“A comforting thought,” I said. “I must-”
“Myron was fond of that hat, Mr. Peelers. Try not to get it soiled or yourself blown out from under it.”
I pledged not to, to her deaf ears. In the sunlight, committed to the hat, I began to have second thoughts, but a man’s gotta do what a man’s gotta do. I strode off toward my faithless Ford, climbed into the saddle, and barely made it to Arnie’s garage as the gas tank went bone dry.
Arnie filled it up and gave me an estimate on fixing the door. The estimate from No-Neck was twenty bucks.
“I’ll make it fifteen if you throw in that hat,” he said as he pumped gas into the tank “lt’d be some good laughs around here.”
“I didn’t know you had a sense of humor, Arnie,” I said, adjusting the hat on my own head.
“I’m as sensitive as the next guy,” he said, pulling the gas nozzle out. “That’s two bucks for the gas and another fifteen cents for oil.”
I paid, took off my hat so I could get into the car without knocking it off, and drove away. A pair of boots would’ve helped, but I didn’t have the time. My disguise would have to do.
Parking on Broadway was tough. I pulled around a corner and drove into a parking lot. I got out, put on my hat, and gave the guy in overalls a broad grin and told him I expected to be back in an hour.
“You got it, Tex,” he said.
“How’d you all know I was from Texas?” I said.
He was climbing into my Ford and shaking his head. I figured him at about eighteen years old, maybe nineteen.
“It’s the hat, Tex,” he said with a wink. “Real authentic. You guys all have them authentic hats just like in the movies. You want a tip?”
“Sure enough, son,” I said.
“You’re layin it on too thick,” he whispered confidentially. “I’m from Lubbock. Anyone talk like that back home, we’d know he was a Yankee pissing around and we’d hog tie him and ship him north on a cattle car.”
He screeched rubber and headed toward the corner of the lot. What did he know? I left the lot and headed down Broadway past Little Joe’s to the building where Martin Lyle and his New Whigs had their office. It was a respectable building, if not in a high prestige neighborhood. It even had an elevator that worked at reasonable speed and carried me up to the eighth floor with no stops.

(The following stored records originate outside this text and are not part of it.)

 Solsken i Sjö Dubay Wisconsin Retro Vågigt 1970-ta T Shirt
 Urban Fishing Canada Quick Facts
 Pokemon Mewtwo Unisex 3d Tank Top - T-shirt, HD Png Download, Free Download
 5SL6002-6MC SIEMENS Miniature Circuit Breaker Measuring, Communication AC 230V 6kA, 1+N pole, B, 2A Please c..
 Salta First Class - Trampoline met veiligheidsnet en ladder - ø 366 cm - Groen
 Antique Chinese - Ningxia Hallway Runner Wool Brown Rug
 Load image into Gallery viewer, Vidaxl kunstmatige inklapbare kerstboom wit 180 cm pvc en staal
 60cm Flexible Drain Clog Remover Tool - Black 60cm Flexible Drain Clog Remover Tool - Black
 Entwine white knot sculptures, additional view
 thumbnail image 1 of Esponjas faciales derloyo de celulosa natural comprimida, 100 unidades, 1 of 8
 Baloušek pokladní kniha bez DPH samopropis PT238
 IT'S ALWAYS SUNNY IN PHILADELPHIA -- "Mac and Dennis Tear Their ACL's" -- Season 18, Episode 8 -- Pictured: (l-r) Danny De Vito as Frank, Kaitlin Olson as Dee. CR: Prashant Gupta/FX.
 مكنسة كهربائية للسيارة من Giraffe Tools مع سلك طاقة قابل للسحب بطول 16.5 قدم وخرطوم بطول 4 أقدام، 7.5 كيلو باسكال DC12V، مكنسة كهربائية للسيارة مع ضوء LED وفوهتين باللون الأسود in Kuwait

“Good weather you folks up heah are having,” I told the bespectacled, pudgy woman who operated the elevator. She turned, looked me up and down, shook her head, and went back to work. I was beginning to seriously doubt the credibility of my disguise, but it was too late. I got off the elevator, touched the brim of my hat to her and went down the hall to room 803, which had stenciled in gold on its door THE NEW WHIG PABTY HEADQUARTERS, and below that in smaller letters, MARTIN LYLE, EXECUTIVE DIRECTOR. Below that there remained the outline of additional lettering that had been scratched away. I bent to look and was fairly sure that the removed letters read DR. ROY OLSON, PRESIDENT.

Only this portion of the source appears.